The focus often shifts to diets, body exercises, and mental stability when addressing the subject of general health. However, while those are critical elements here, it is crucial that you also factor in the quality of your environment. That includes the people you interact with and your immediate physical space.

On the latter, identifying, early enough, the features that alter your general well-being can help guide your choice of the best corrective changes to implement. Among these features include the quality of indoor air in spaces that you work, play, or live.

That boldly highlights everything that can affect indoor air quality, which means scrutiny is crucial to ensure all the construction materials in your property do not pose a health risk to the tenants, employees, and every other property user.

Yoga exercise

Insistence on commercial properties

Some commercial spaces would pass for using any flooring, but not hospice, healthcare, food processing, and teaching facilities. A renowned construction, remodeling, and foundation repair contractor in Denver is keen and quick to note that most artificial and poorly processed floor materials can release dangerous chemicals in the air.
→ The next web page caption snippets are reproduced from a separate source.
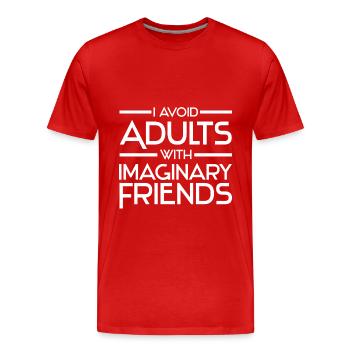 Athées Science | Athéisme Foi Don - T-shirt bio Premium Homme - rouge - Devant - Damien (186cm)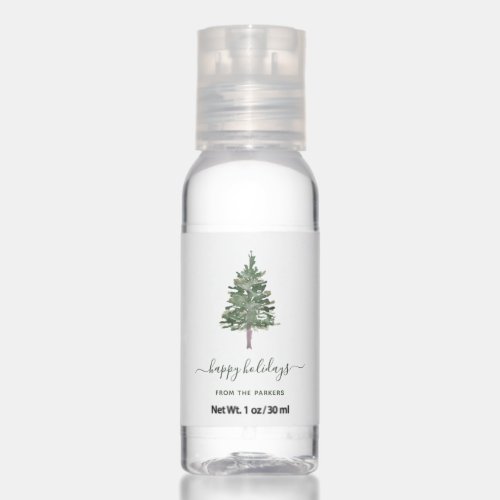 Simple Pine  Happy Holidays with Christmas Tree Hand Sanitizer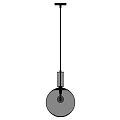 Modern Minimalist Round Pendant Light With Metal Stem And Globe Shade Design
Most of these synthetic floors are common in indoor commercial spaces. And, since these floors experience high foot and equipment traffic, the heat and vibration from this high traffic increase the risk of releasing even more harmful chemicals in the indoor air.

Therefore, in this case, the first step to ensuring the health and safety of your commercial property is replacing “unhealthy” floors with those of high-quality materials. Also, ensure that the floor materials have undergone strict processing and pass industry standards for safe products.
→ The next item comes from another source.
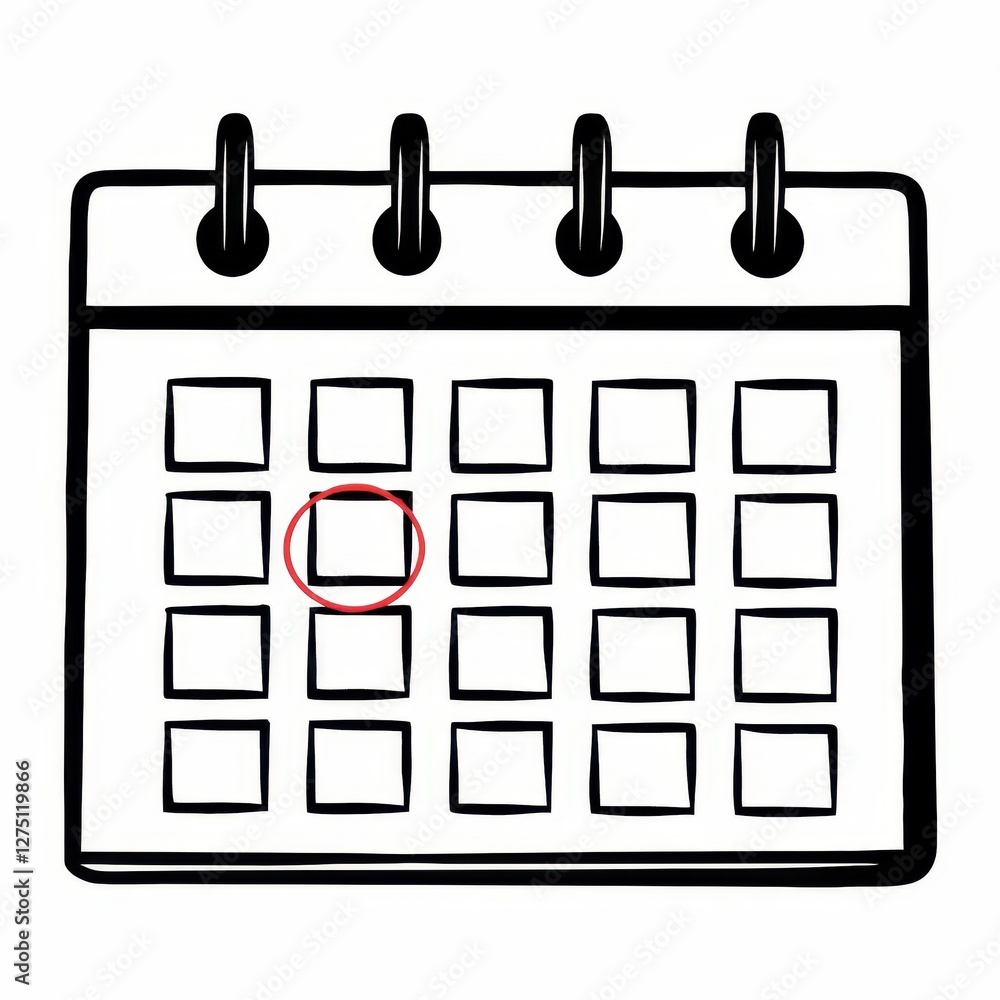 Poster a simple illustrated calendar featuring empty date boxes, with one date highlighted in red, indicati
And, yes, there is much more on “healthy” floors, but, most importantly ensure it covers:

 

Defined replacement life-cycle

Flooring products have varying life-cycles. Therefore, when choosing your flooring materials, be keen to insist on the contract to use flooring products with the same or near-same life-cycle. That way, it will be easy to determine when to replace your property’s floor once they clock their replacement life-cycle.
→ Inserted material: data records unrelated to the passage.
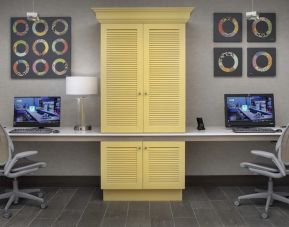 Business center at Home2 Suites By Hilton Miami Doral West Airport.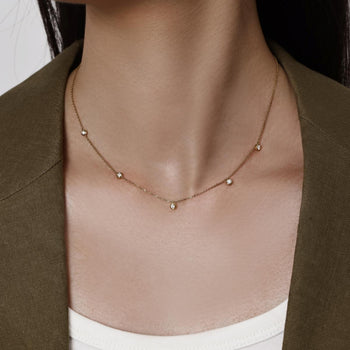 Face view Diamond Station Necklace 5 bezel-set round diamonds in 14k/18k Yellow Gold | Astra | Elora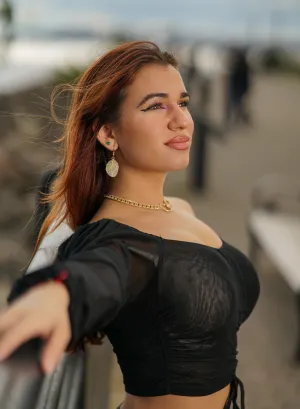 Sheer Scrunched Crop Top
An extended lifecycle would seem appealing, but you do not want such, especially when there is a high risk of infection from accumulated bacteria in parts of the floor.

 

Infection control

Bacterial colonization is high in floors with crevices that trap heat and moisture, which create an environment conducive for bacteria growth. Such include floors with raised anti-slippery features and carpets.

If you must use carpets, especially in conference halls and meeting rooms, make sure to follow through with risk assessment from time to time. Also, put in place a preventative maintenance program. With these two practices, you will keep infection control in check.

 

Health before aesthetics

The trade-off spreads quite thinly between aesthetics and meeting the health standards of your floors. And, yes, it could seem challenging to have your floor deliver these two critical elements, a near-impossible feat even.

 

Healthy home

But, have you considered evaluating your options with an experienced flooring contractor? A reputable Denver-based construction, remodeling, and foundation repair specialists note that what is most crucial when weighing between aesthetics and having “healthy” floors is addressing the question of functionality.

Thanks to technological improvements in flooring materials, you can be confident that you will find a solution for all your flooring needs, even if it be meeting both your industry’s health and safety standard and your aesthetics requirements.